But this is not how the Commission wrote up the preceding events. Rather, with a weakened and already fragile infrastructure, “Palestinians have demonstrated extraordinary resilience in recent years, living in an environment scarred by physical destruction and psychological trauma.” The focus is on the Palestinian people as a whole. The different factions are not recognized. The people are raised to heroic status for their stamina in the face of great challenges. Now one could write the account much more from a Palestinian perspective than I did, but the contents in the report are written like first level history writing in which one side consists of heroes and the other of bullies and aggressors. Since it would be hard to dub Hamas as heroic, especially given the documentation of their actions, the virtuous attributes are assigned to the people as a whole. And no distinction is then made between the response of West Bankers who, whatever the inconveniences and hardships of the occupation, have economically prospered and strengthened the infrastructure, and the residents of Gaza whose infrastructure has been repeatedly destroyed by two previous violent encounters and whose re-investment in infrastructure has been significantly dedicated to building first quality attack tunnels and purchasing rockets and missiles.

The Report does say that, “threats to the security of Israel remained all too real.  Palestinian armed groups increasingly launched rockets during June and July 2014. The discovery of tunnels leading into Israel added to the sense of insecurity.”  Go back to 5 March 2014 when the Israeli navy intercepted a ship with a load of scores of long range missiles from Iran. Subsequently, Hamas spent its scarce funds for infrastructure on a monument to celebrate its rocket attacks that took the war into what Hamas dubbed the heart of the Zionist enemy. Reading the Report, one would never know that the EU, Canada, Japan and the U.S. as well as Israel had dubbed Hamas a terrorist organization, while the UK and Australia restricted that depiction to its military wing, the Izz ad-Din al-Qassam Brigades.

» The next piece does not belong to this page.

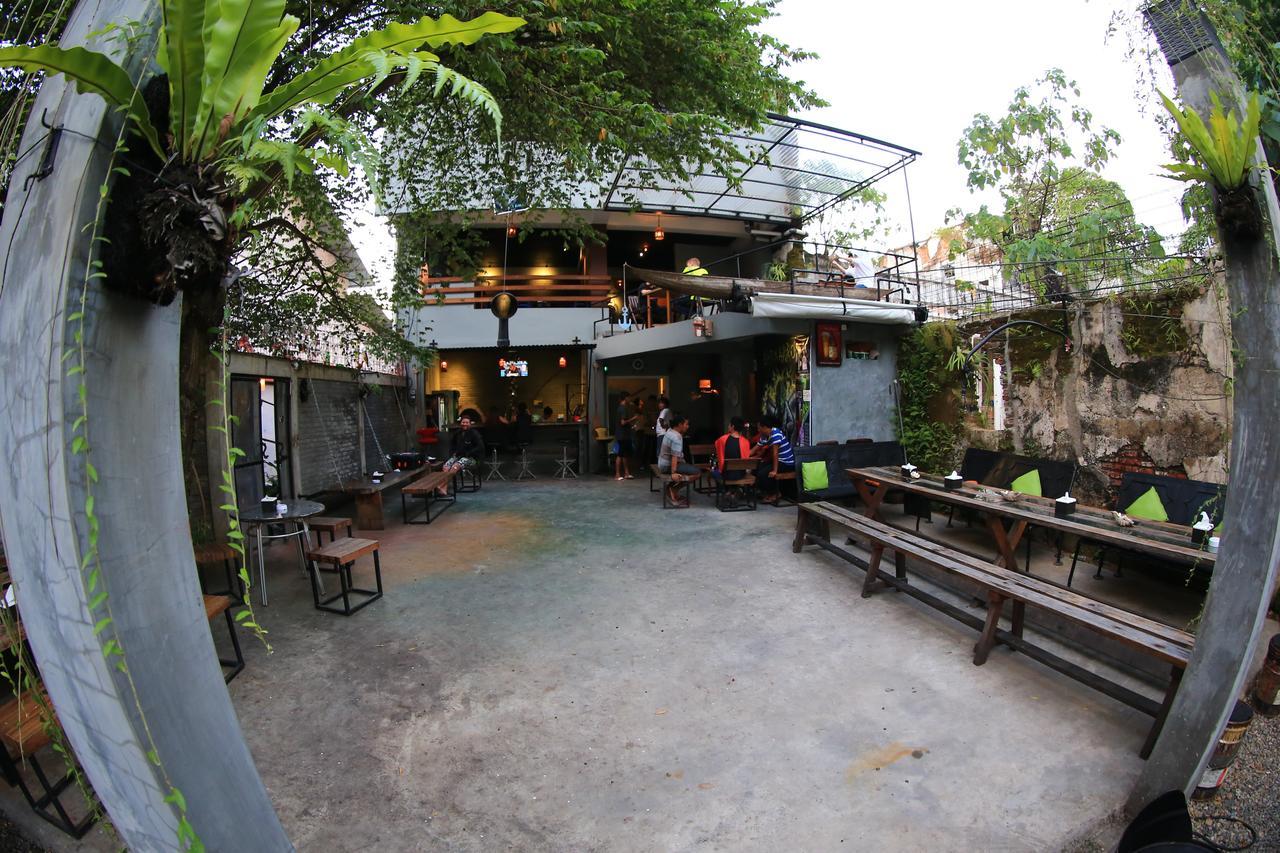 Bat & Arrow 2* Padang (Sumatra)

The Report provides as context that Hamas “increasingly launched rockets during June and July.” But rocket attacks went back to 2013. In January alone, 22 rockets were aimed at Israel; there were 9 in February and 65 in March. During the negotiations of a new unity government between Hamas and Fatah, rockets launched fell to 19 and 4 respectively in April and May, but then leaped again to 62 in June. Perhaps these figures seemed, in retrospect, insignificant in light of the 2,874 rockets Hamas rained on Israel in the opening month of the war. But surely these actions were relevant to depicting the context.

What about Palestinian activities in the West Bank? The key turning point that could have ignited the third intifada was the killing of two Palestinian teenagers on Nakba Day, 15 May 2014 by sniper fire. On 22 May, CNN broadcast evidence that the shots were not rubber bullets as the Israelis claimed, but live ammunition that had been fired against the Palestinian protesters, likely from the vicinity of Israel’s Ofer military prison. International demands for an independent investigation were ignored. On 12 June, possibly in reprisal for the shooting of two Palestinian teenagers, three Israeli teenagers were abducted in the West Bank and were eventually found dead.  Israel blamed Hamas which initially denied the charge, but Israel released documents showing that a Hamas member, Hussam Qawasmeh, had orchestrated the abductions after his brother had received $60,000 from Hamas in Gaza. On 20 August, Saleh al-Arouri, a Hamas leader in Turkey, acknowledged responsibility and said that the goal was to ignite a third intifada. Was this not relevant to the context?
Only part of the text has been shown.